An exact transcription of all the data is required; the pictures are to be left out.

Source data:
***

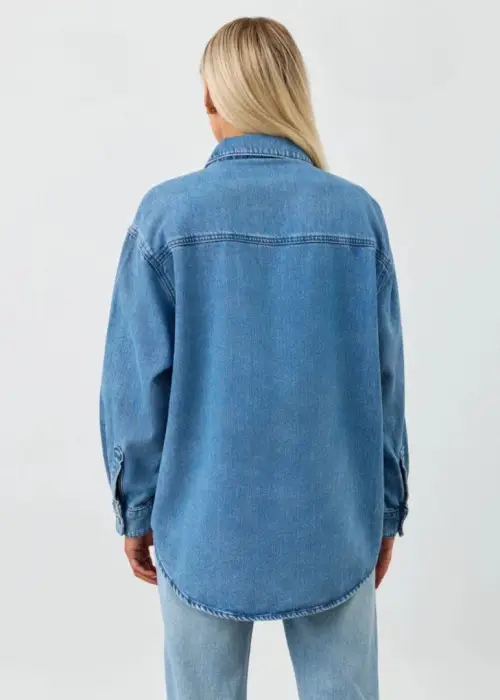 Рубашка джинсовая женская с объёмными карманами (р-р 42-50)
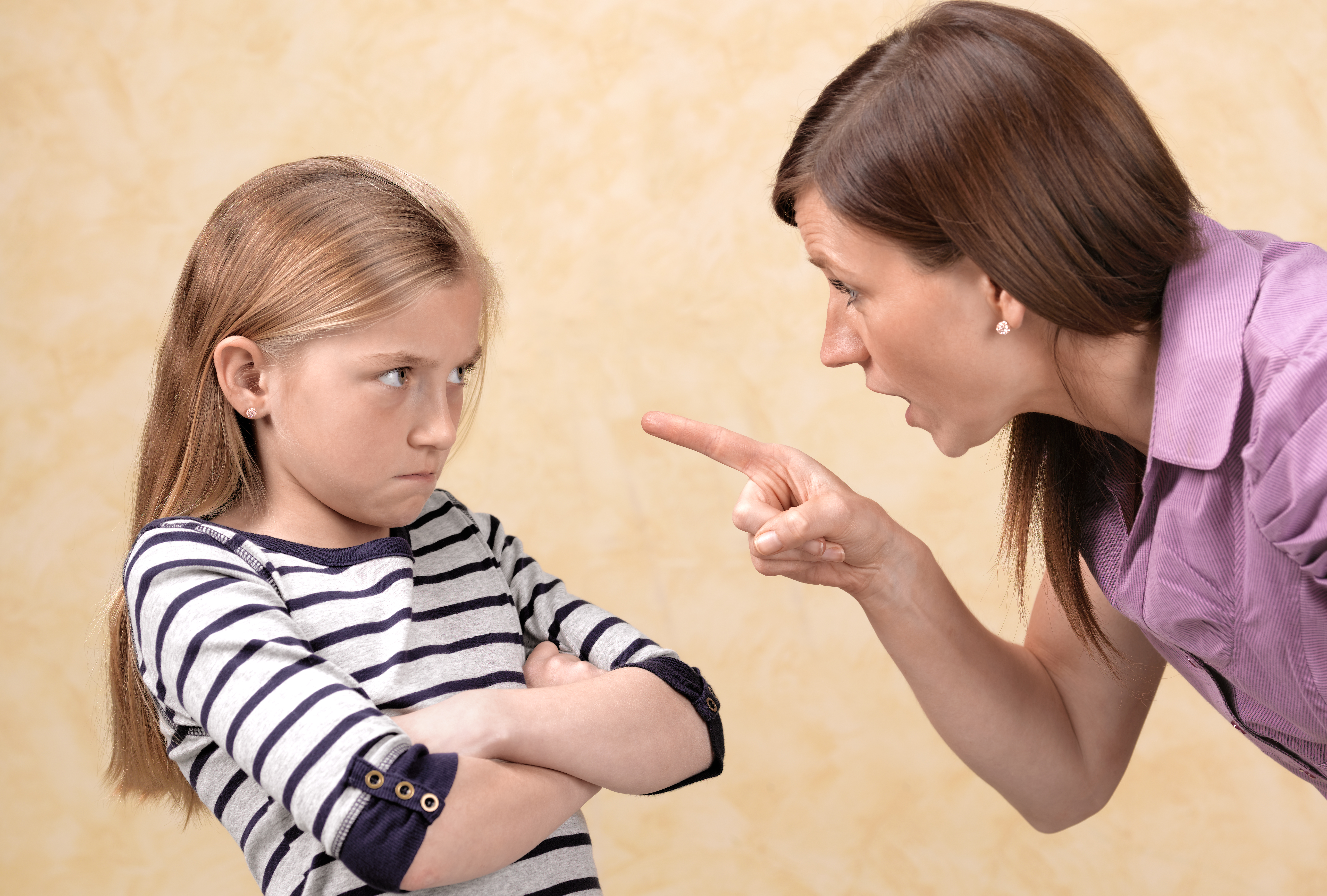 Mujer gritando a una niña | Fuente: Getty Images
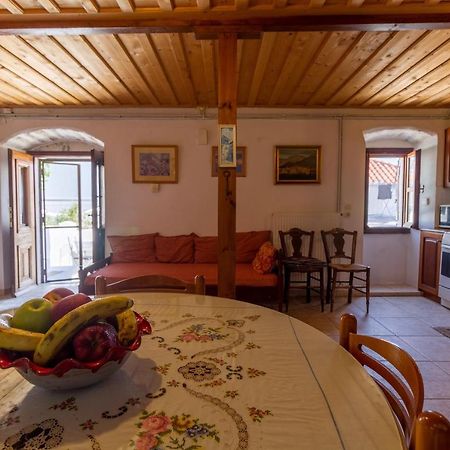 Вилла The Old House - Wood & Stone Evreti Экстерьер фото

***

Exercise solution:
 Рубашка джинсовая женская с объёмными карманами (р-р 42-50)
 Mujer gritando a una niña | Fuente: Getty Images
 Вилла The Old House - Wood & Stone Evreti Экстерьер фото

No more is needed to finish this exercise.